Taking only the lines of the data below from the line with "ladies top. M&S size 14" to the line with "KAWASAKI KZ1000 POLICÍA", ends included, write them out exactly and without pictures.

### GIVEN INFORMATION ###

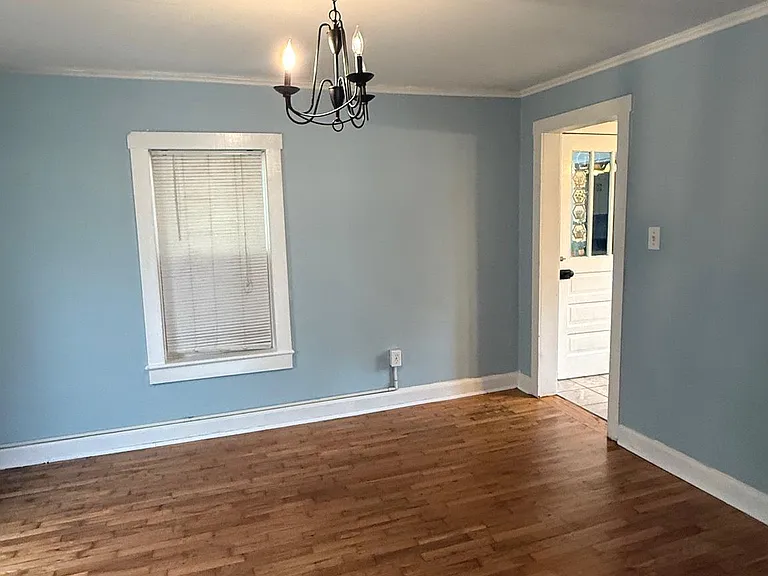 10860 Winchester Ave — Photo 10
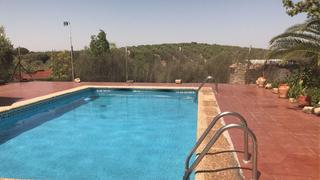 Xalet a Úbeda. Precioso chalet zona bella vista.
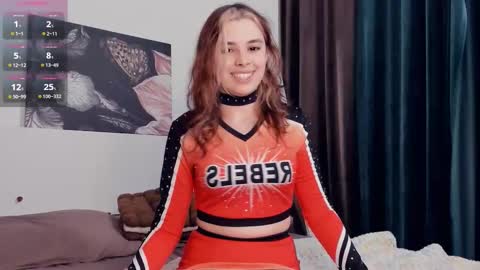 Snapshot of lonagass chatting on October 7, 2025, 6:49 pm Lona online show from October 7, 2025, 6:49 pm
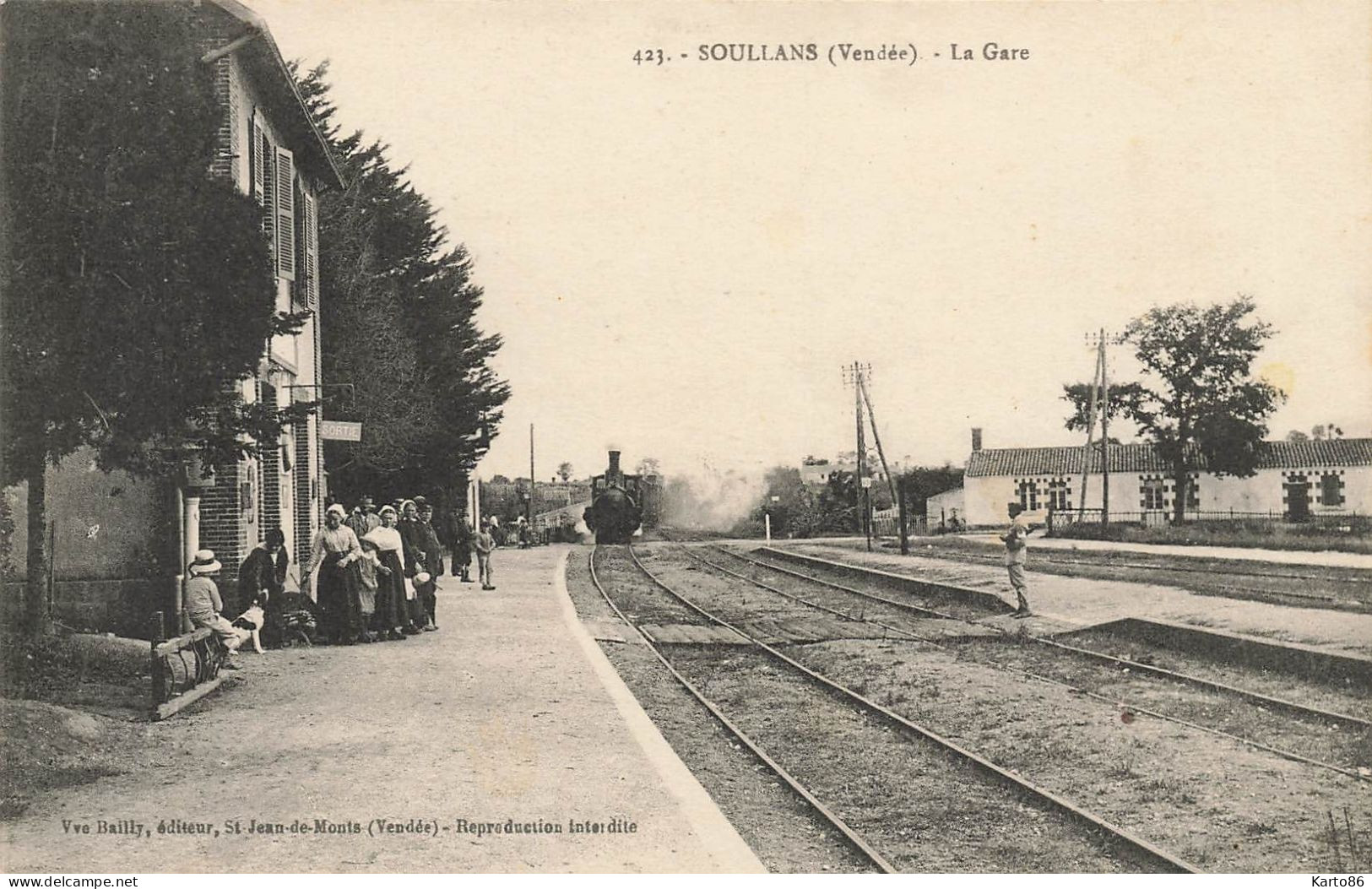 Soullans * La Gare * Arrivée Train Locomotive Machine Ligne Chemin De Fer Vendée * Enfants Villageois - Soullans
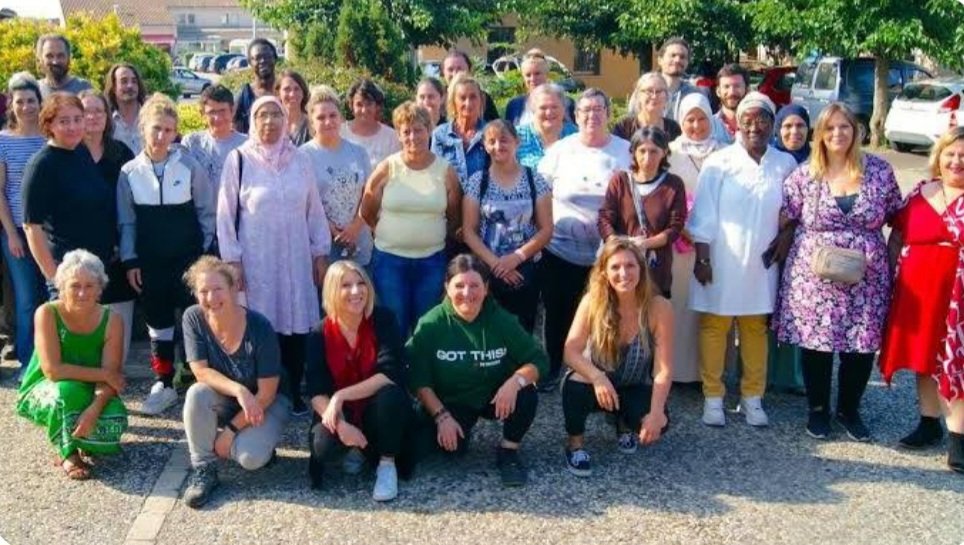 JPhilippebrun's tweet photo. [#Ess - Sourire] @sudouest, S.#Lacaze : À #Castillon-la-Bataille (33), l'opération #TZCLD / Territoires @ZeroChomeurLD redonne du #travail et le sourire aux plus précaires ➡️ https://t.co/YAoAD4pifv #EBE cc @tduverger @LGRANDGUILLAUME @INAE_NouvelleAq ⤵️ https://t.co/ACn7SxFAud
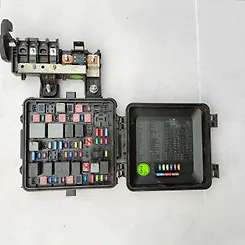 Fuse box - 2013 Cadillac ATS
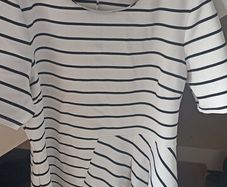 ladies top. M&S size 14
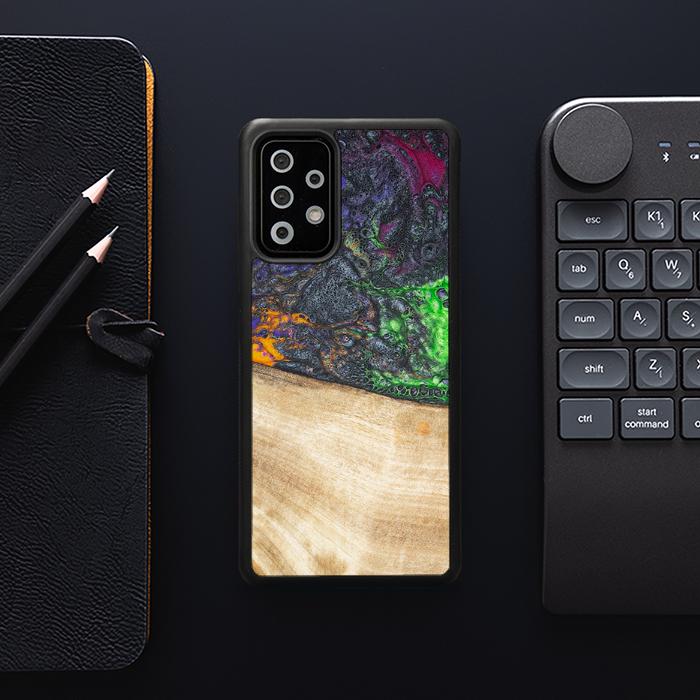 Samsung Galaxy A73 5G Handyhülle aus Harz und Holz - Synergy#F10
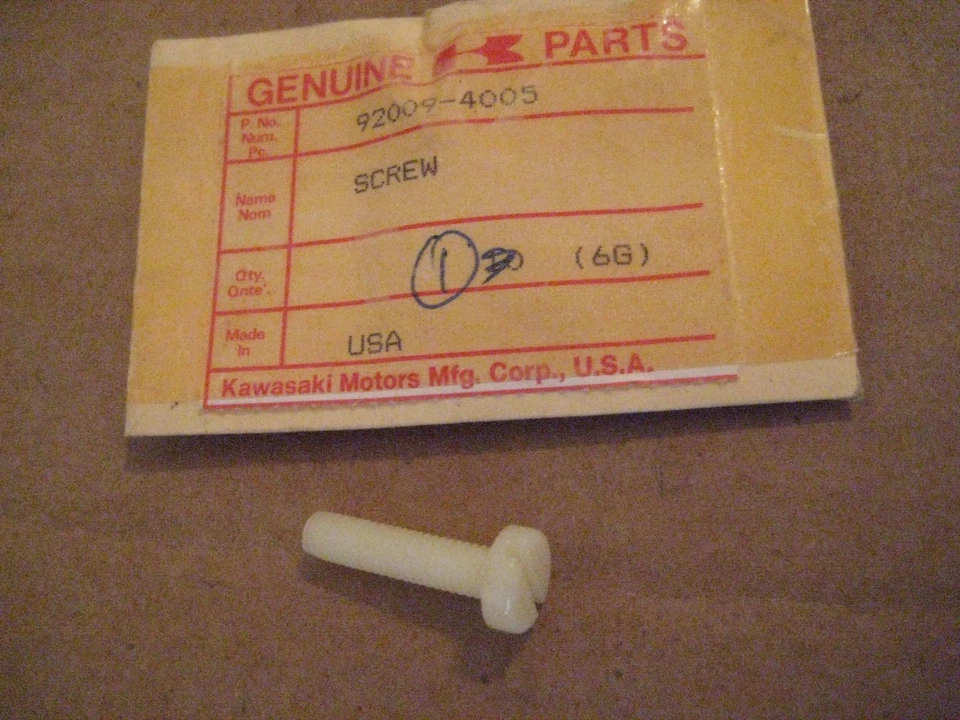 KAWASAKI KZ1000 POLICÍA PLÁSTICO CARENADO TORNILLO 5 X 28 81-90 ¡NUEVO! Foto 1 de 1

###
### GIVEN INFORMATION ###

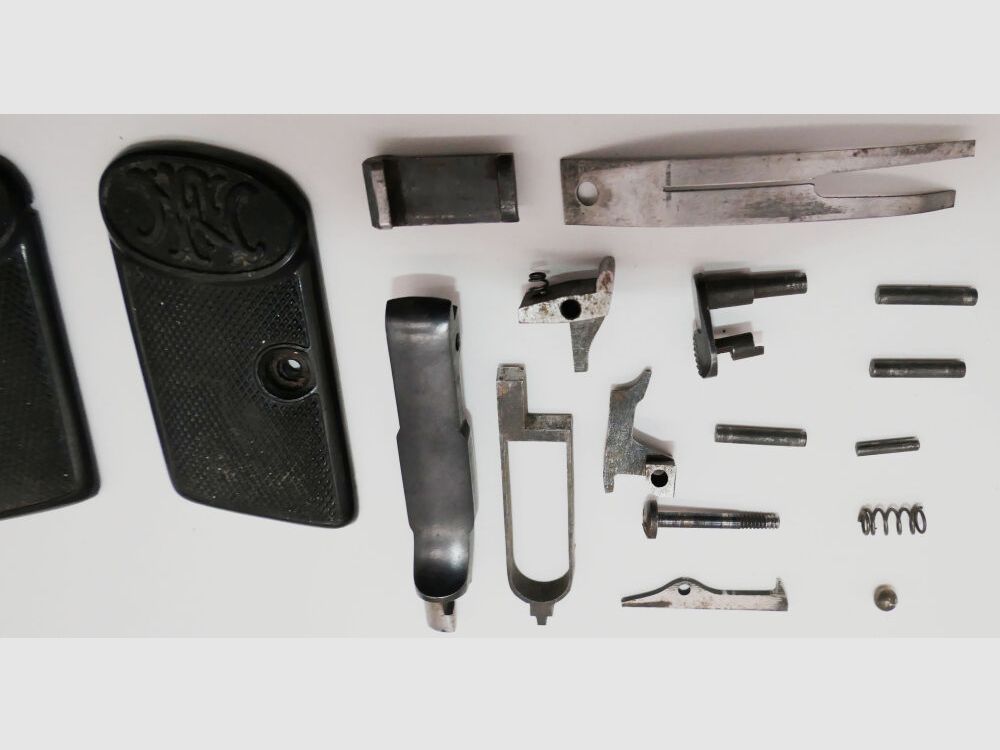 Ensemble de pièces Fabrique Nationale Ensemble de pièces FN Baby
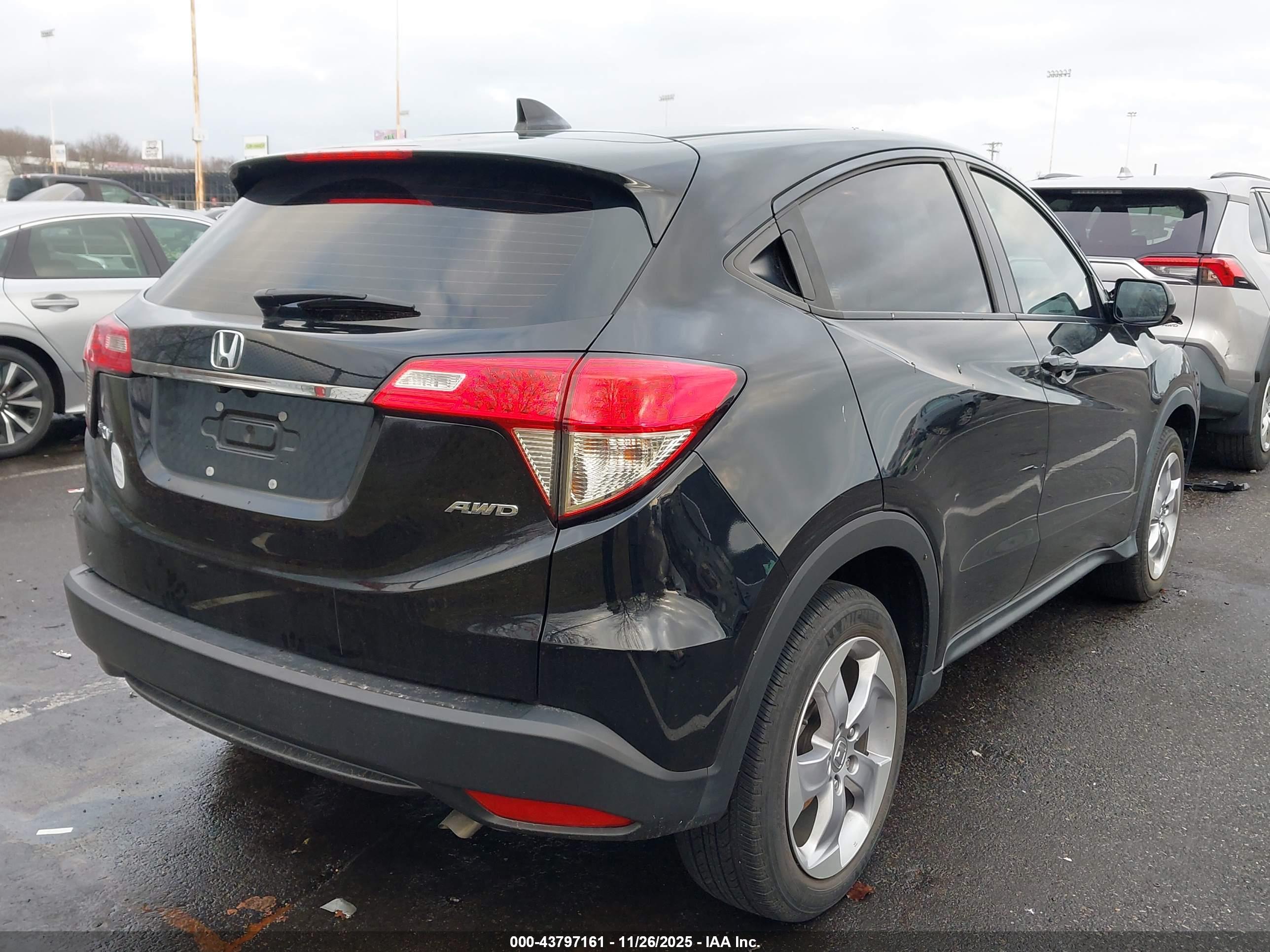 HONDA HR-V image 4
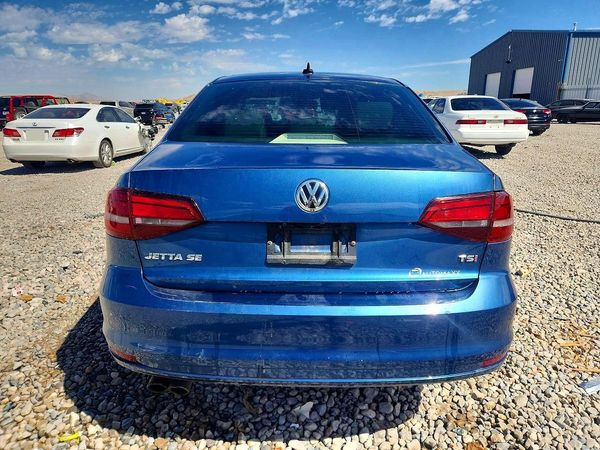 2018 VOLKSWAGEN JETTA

###

RESULT OF THIS TASK:
 ladies top. M&S size 14
 Samsung Galaxy A73 5G Handyhülle aus Harz und Holz - Synergy#F10
 KAWASAKI KZ1000 POLICÍA PLÁSTICO CARENADO TORNILLO 5 X 28 81-90 ¡NUEVO! Foto 1 de 1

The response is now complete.